On the implementation of bridge courses, he said, “There will be practical problems for institutes to implement these bridge courses. Setting up a schedule, getting faculty and physical infrastructure for additional courses will be problematic for institutes.”
Sanghi, meanwhile, pondered on how technical colleges will set up an even selection criteria for admission. “It will be challenging for technical colleges to select students for admissions since not all students will then come with a standard set of courses. (But) Until the admission process is not impacted negatively, the change holds no threat to the education system.”
Speaking to ThePrint, Amitava Datta, Dean of Faculty of Engineering at Jadavpur University, expressed his concerns regarding the bridge courses. “Within the ambit of the present engineering curriculum, it is difficult to bring in the provision of bridge courses. Unless the student has knowledge of Mathematics or Physics, which they learn in Plus 2 (Class 11 & 12), they will not be able to cope with the first year subjects. Students in the first year have tight schedules leaving no room for additional courses.”

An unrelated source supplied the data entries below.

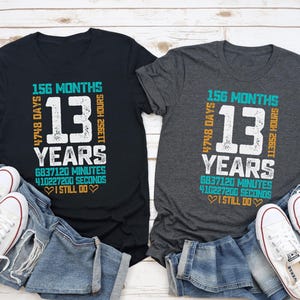 13 Year Anniversary Shirt, Married 13 Years Gift, We Still Do T-Shirt, Lace Anniversary Gift for Husband or Wife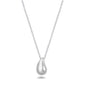 Silver Necklace - Teardrop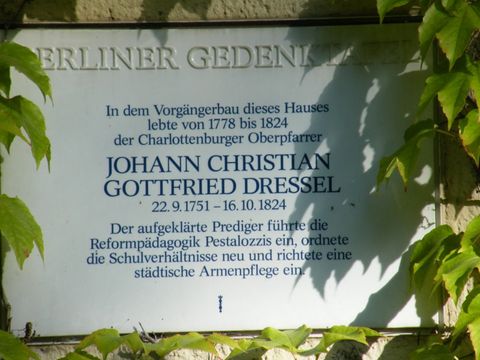 Gedenktafel für Johnann Dressel (Bild: Hupka)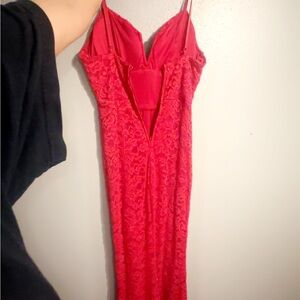 City Triangles Red Lace Chemise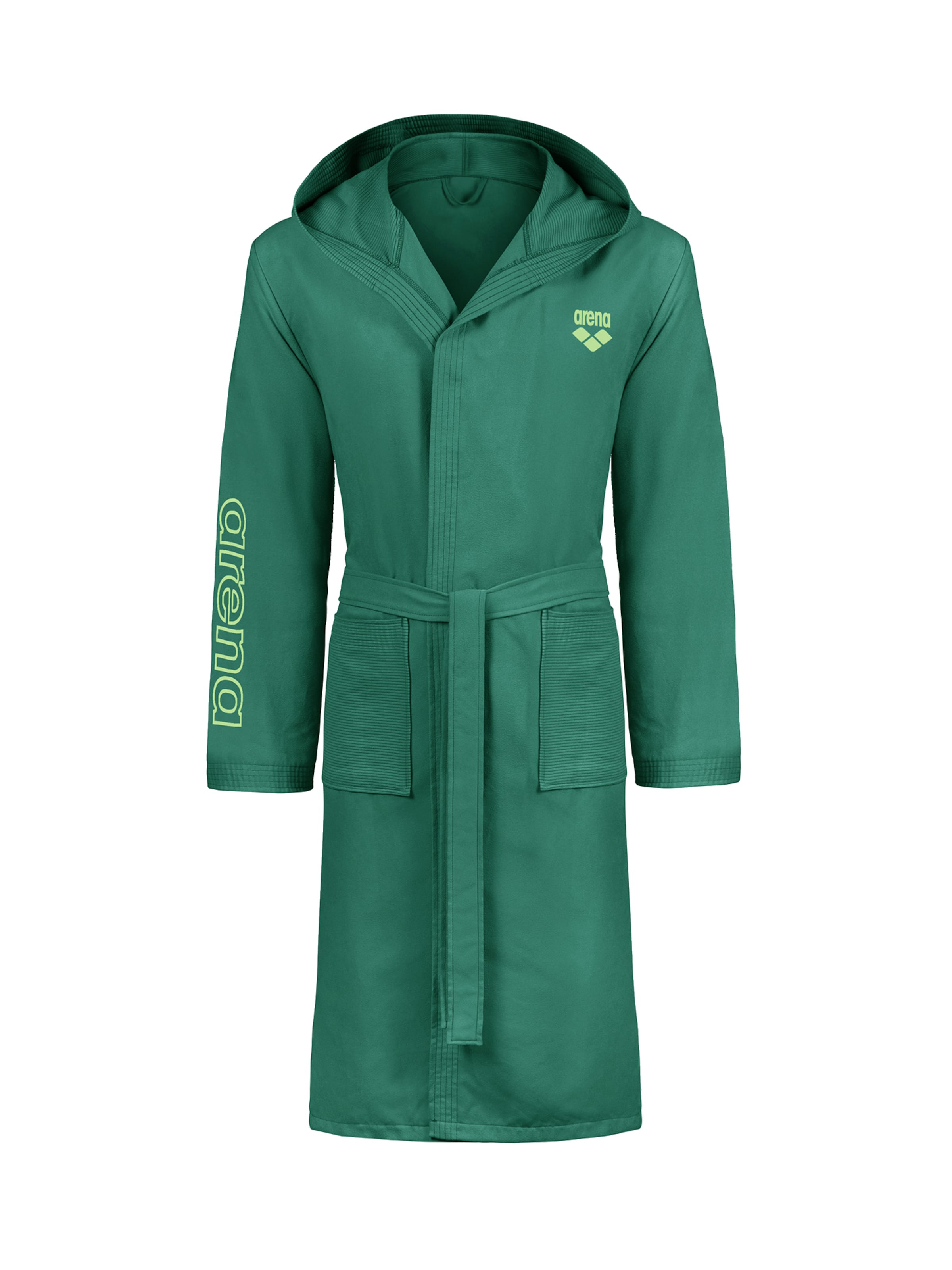 ARENASportski kupaći ogrtač 'ZEAL' - zelena boja: prednji dio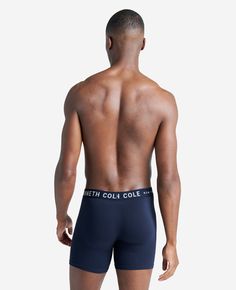 WHAT’S IN IT FOR YOU? Men's boxer briefs 3-pack Classic-fit Embroidered fleixble stretch waistband Tag-free for ultimate comfort Breathable cotton-blend for all-day wearability Contoured pouch Fabric 1: 51% pima cotton, 45% modal, 4% spandex jersey Fabric 2: elastic jacquard Machine wash, tumble dry Imported | Kenneth Cole | Stretch Boxer Briefs 3-Pack in Navy/Navy/Black, Size: M Fitted Boxer Briefs With Ribbed Waistband, Fitted Athleisure Activewear Multi-pack, Fitted Sports Boxer Briefs With Ribbed Waistband, Casual Fitted Activewear Multi-pack, Fitted Functional Boxer Briefs Short Length, Fitted Go-dry Cotton Boxer Briefs, Fitted Cotton Boxer Briefs With Go-dry Technology, Studded Shoes, Flexible Stretches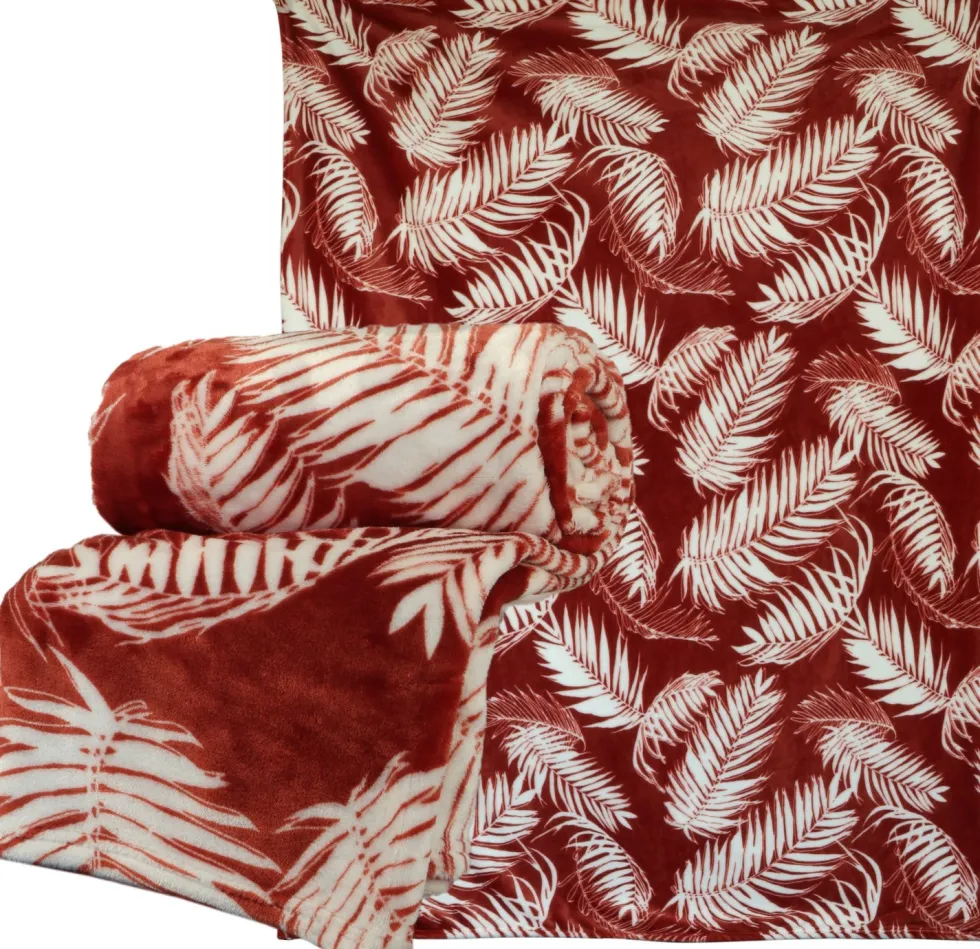 Unique Living plaid Fien rood 150 x 200 cm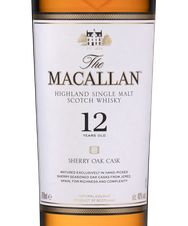 Виски Macallan Sherry Oak 12 Years Old в подарочной упаковке, (151883), gift box в подарочной упаковке, Односолодовый 12 лет, Шотландия, 0.7 л, Макаллан Шерри Оак 12 лет цена 12490 рублей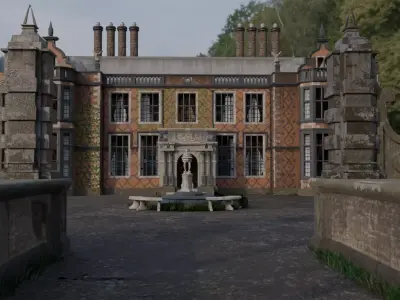 Tommy Shelby Peaky Blinders Arley House Arrow House Cheshire 3D model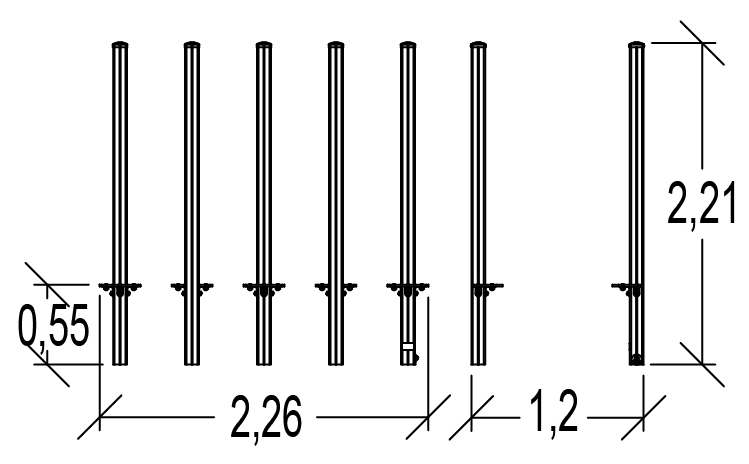 Slalom på stylter Junior JPS10-J-M sport og fitness acti’fun acti’ninja billede set fra siden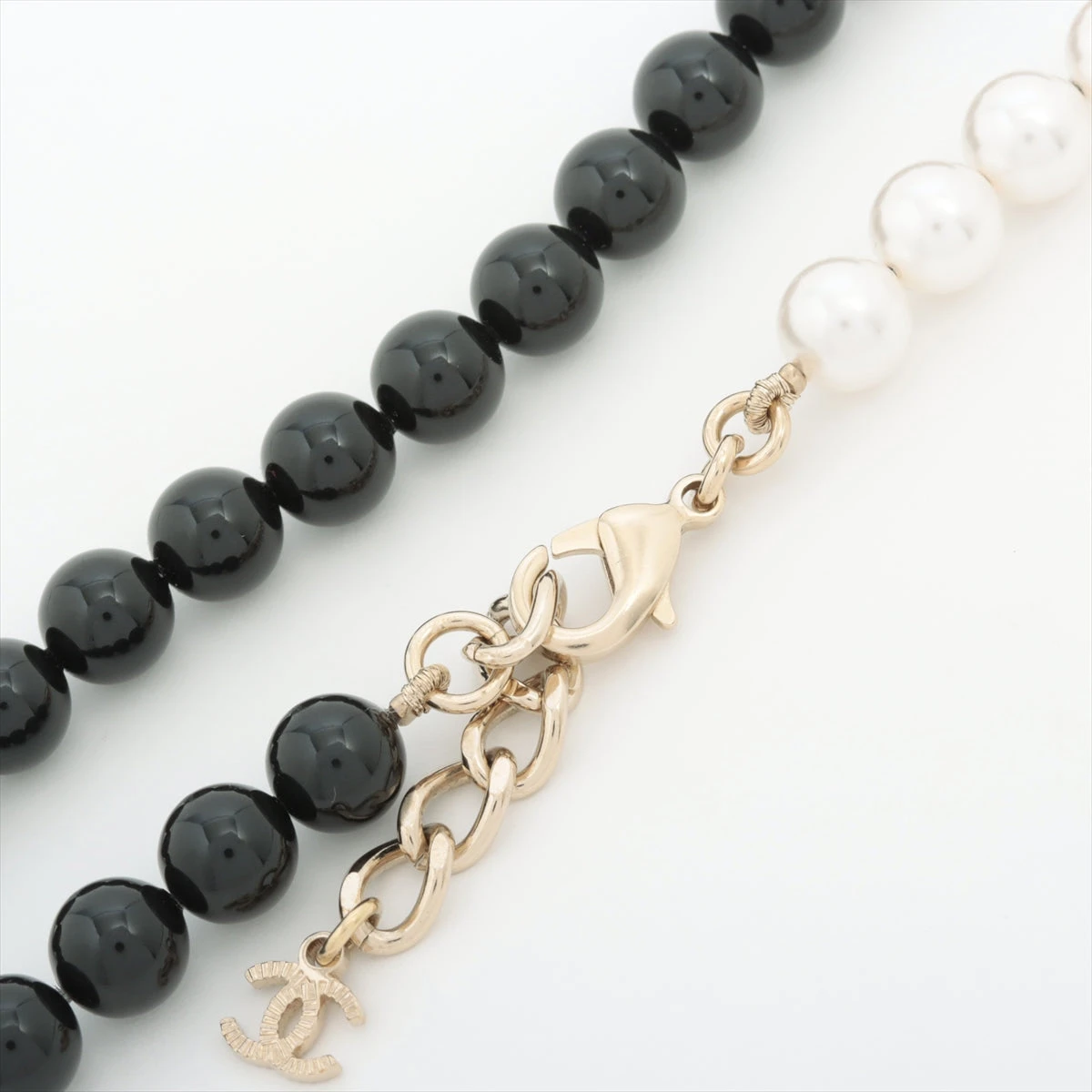 シャネル ココマーク A23C ロングネックレス GP×フェイクパール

JEE aspirant Aditya Kulkarni (18), a science student from Aurangabad, said he believed the move could be of help only to a certain number of students. “For students like me who are still not clear on what branch of engineering to pursue, the traditional PCM will be the most preferred choice. Additional subjects like entrepreneurship, biotechnology etc stand to help those students who have clarity and a branch preference early on.”